*DATASET ENTRIES*.
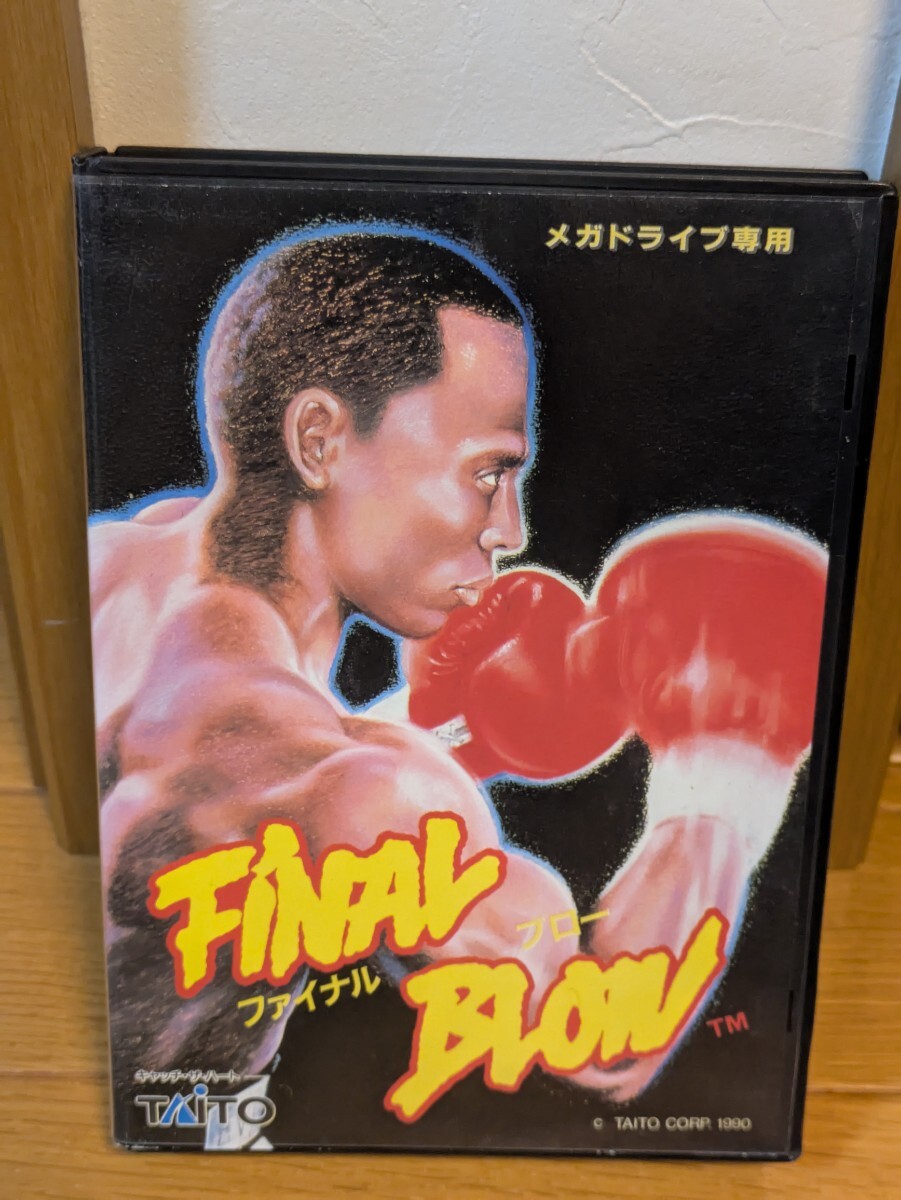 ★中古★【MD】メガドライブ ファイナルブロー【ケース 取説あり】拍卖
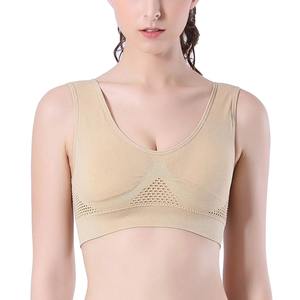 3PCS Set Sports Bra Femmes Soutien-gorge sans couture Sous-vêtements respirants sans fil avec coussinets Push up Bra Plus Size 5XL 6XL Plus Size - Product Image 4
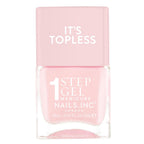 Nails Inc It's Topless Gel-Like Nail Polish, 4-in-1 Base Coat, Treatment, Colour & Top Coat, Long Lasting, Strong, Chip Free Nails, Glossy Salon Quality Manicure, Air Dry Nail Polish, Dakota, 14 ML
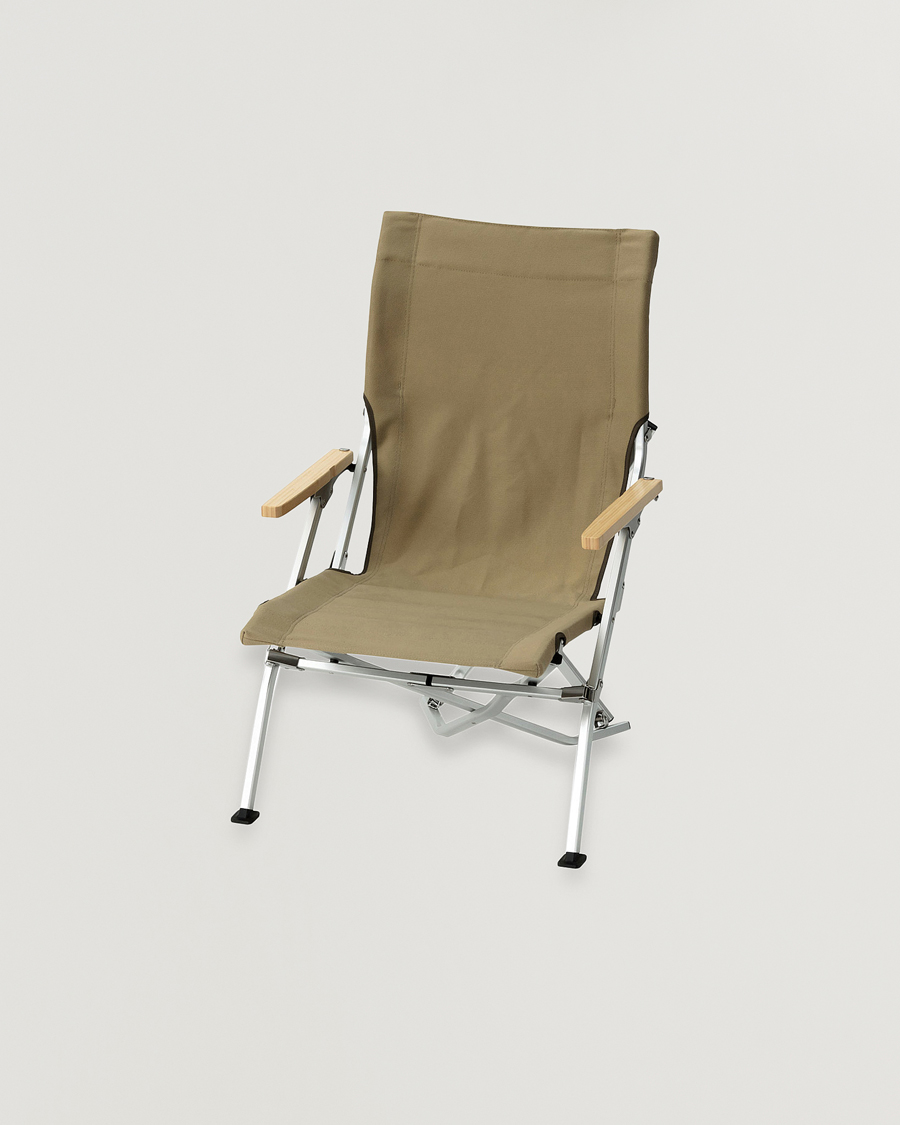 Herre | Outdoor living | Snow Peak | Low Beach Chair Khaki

---

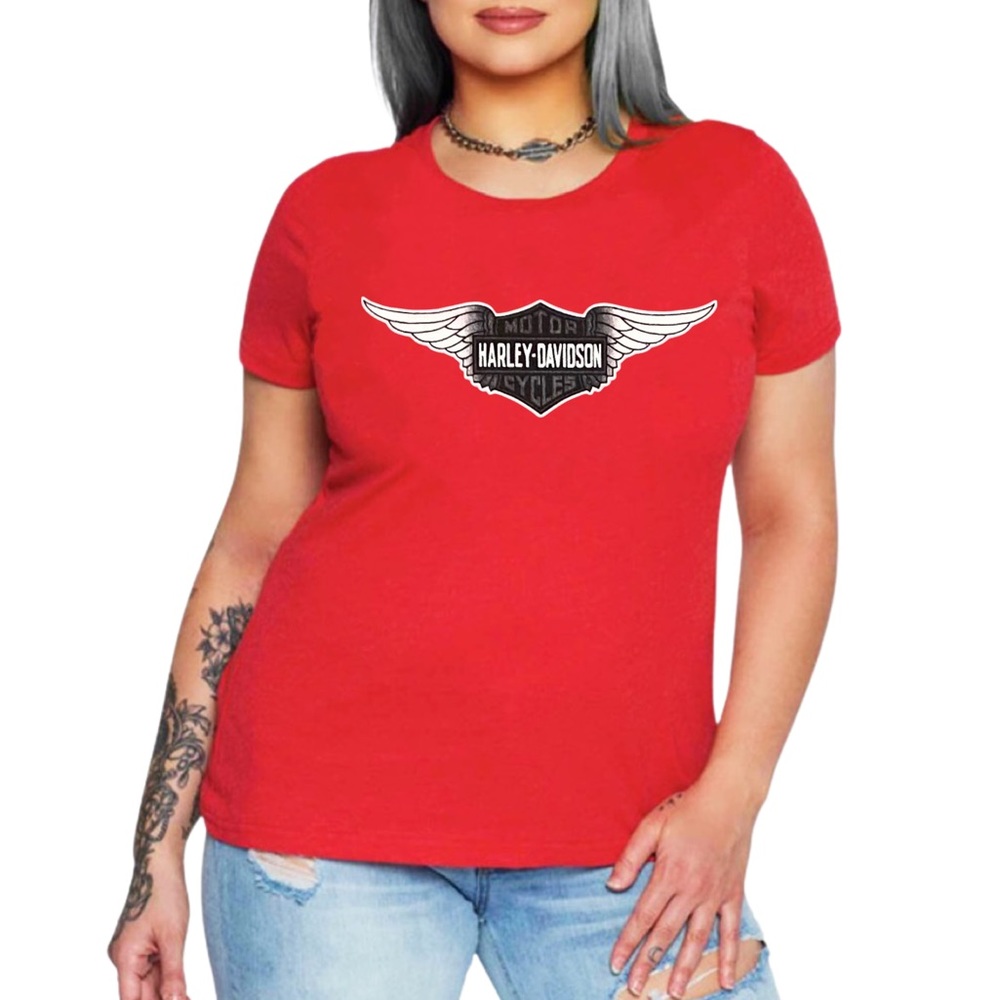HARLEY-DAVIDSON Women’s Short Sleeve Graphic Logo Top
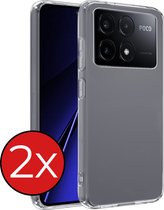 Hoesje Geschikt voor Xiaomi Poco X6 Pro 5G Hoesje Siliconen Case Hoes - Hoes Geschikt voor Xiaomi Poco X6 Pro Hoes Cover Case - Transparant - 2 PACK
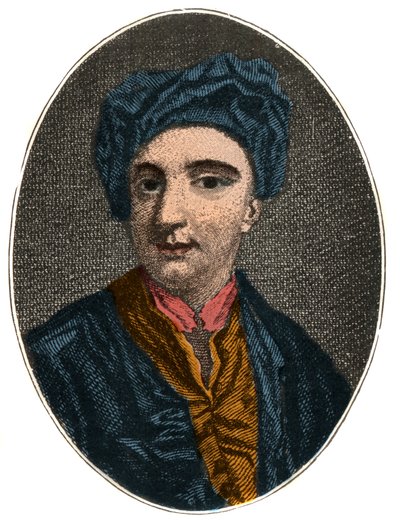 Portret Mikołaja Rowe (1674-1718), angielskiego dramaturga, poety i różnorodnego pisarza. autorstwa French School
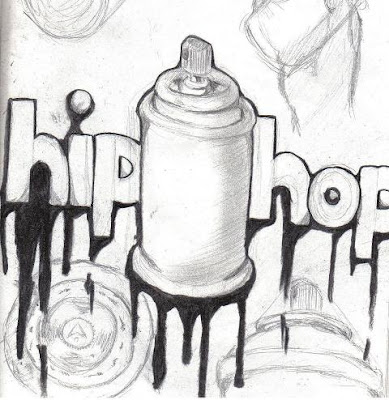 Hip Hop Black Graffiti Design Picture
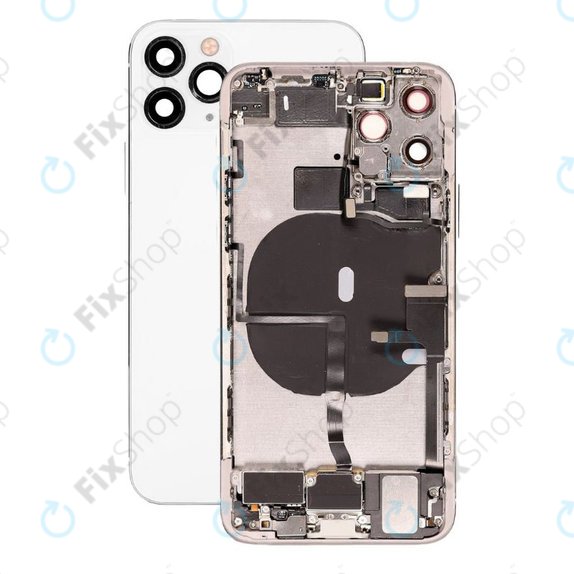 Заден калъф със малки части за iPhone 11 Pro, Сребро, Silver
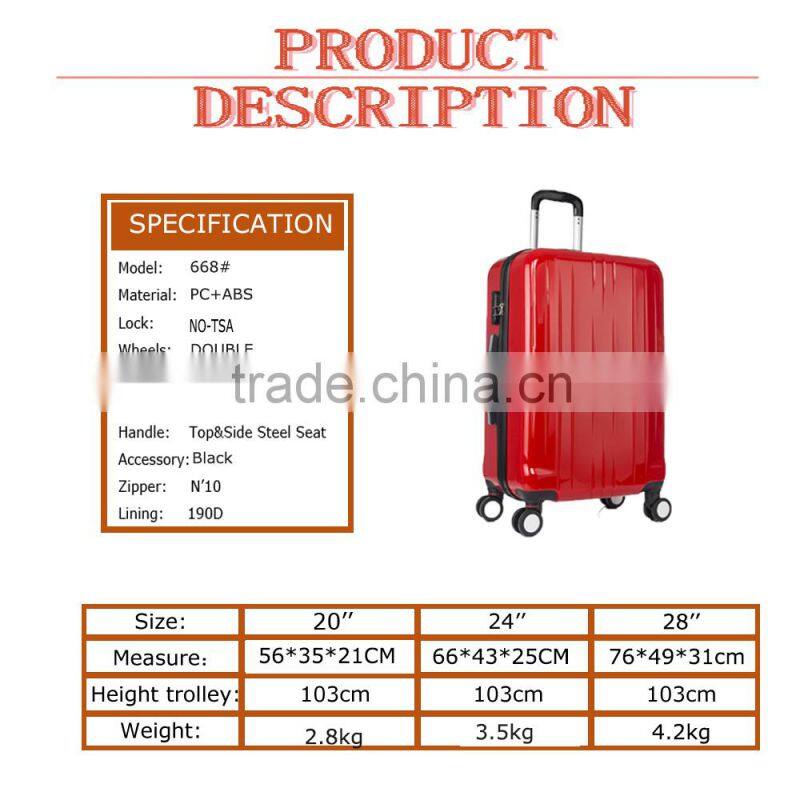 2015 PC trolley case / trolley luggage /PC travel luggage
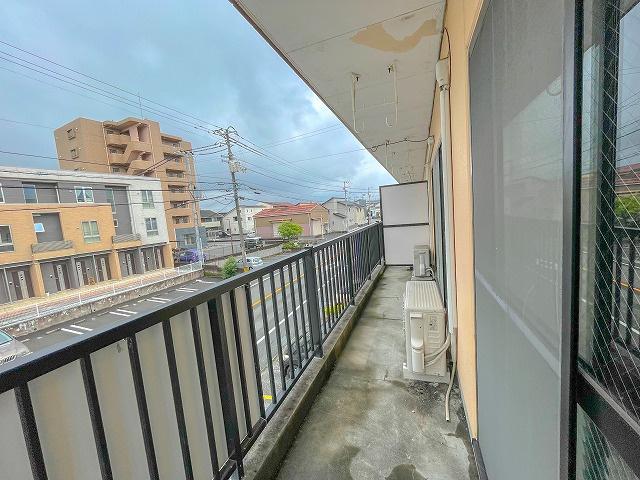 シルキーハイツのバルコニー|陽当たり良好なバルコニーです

---

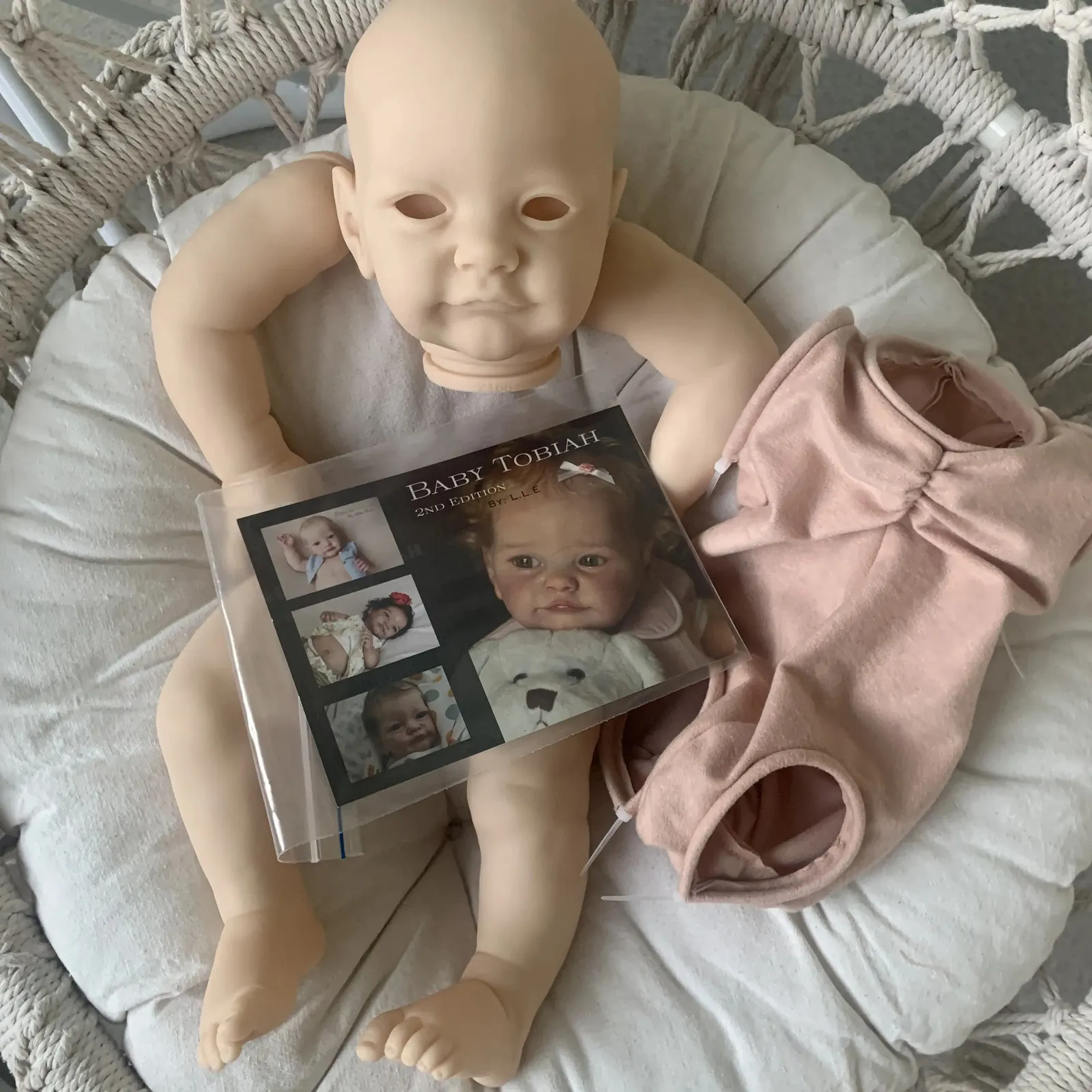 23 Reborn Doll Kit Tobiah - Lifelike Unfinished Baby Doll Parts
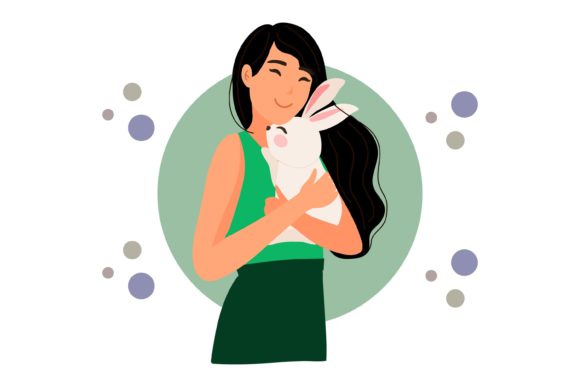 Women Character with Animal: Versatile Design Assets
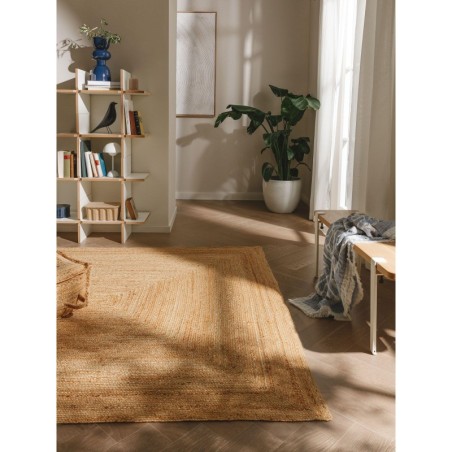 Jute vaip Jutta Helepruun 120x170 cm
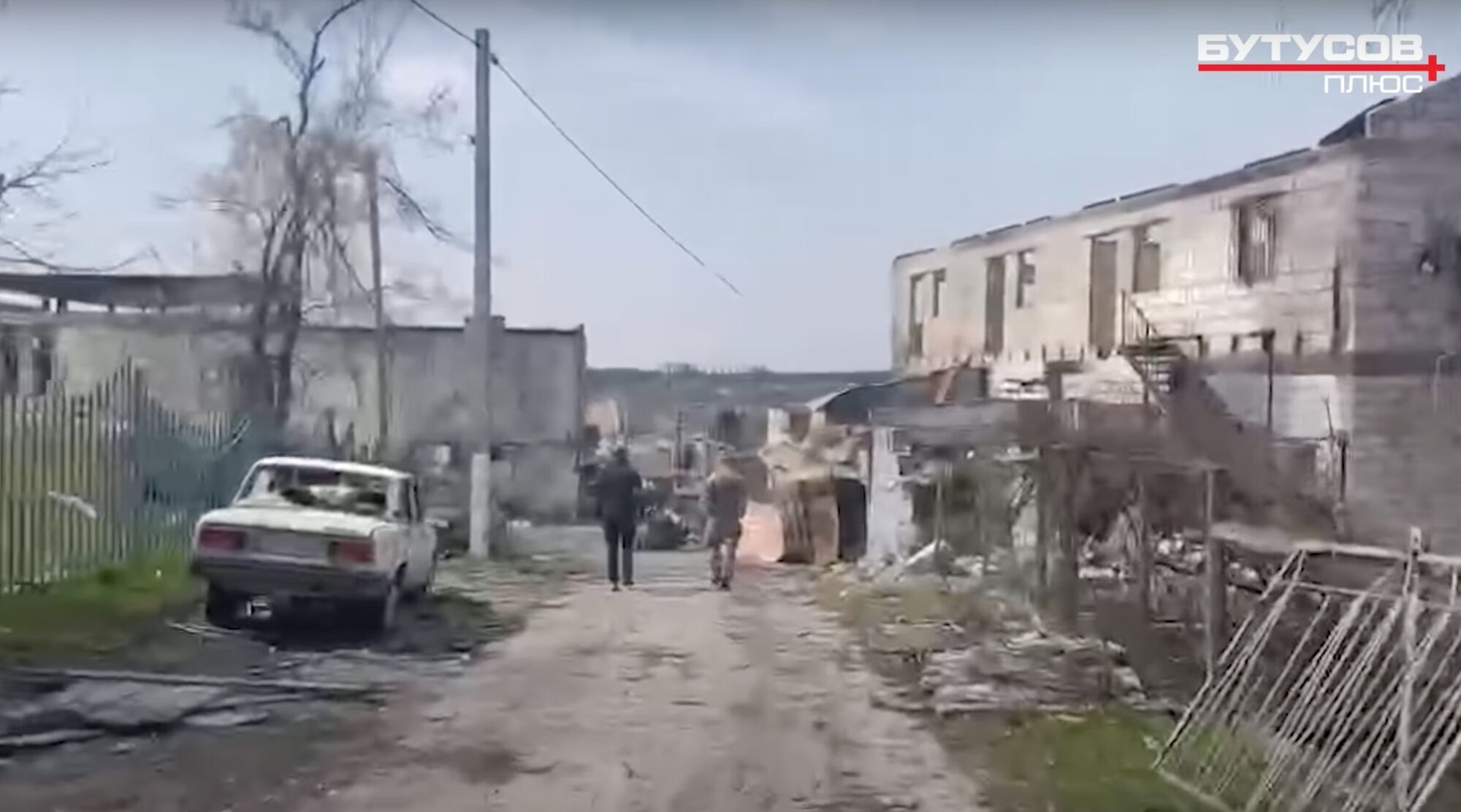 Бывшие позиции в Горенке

*WHAT YOU WILL DO*. Copy exactly the lines of the entries above from the one containing "3PCS Set Sports" through the one containing "Herre | Outdoor". Both end lines count; pictures do not.

*YOUR SOLUTION*.
 3PCS Set Sports Bra Femmes Soutien-gorge sans couture Sous-vêtements respirants sans fil avec coussinets Push up Bra Plus Size 5XL 6XL Plus Size - Product Image 4
 Nails Inc It's Topless Gel-Like Nail Polish, 4-in-1 Base Coat, Treatment, Colour & Top Coat, Long Lasting, Strong, Chip Free Nails, Glossy Salon Quality Manicure, Air Dry Nail Polish, Dakota, 14 ML
 Herre | Outdoor living | Snow Peak | Low Beach Chair Khaki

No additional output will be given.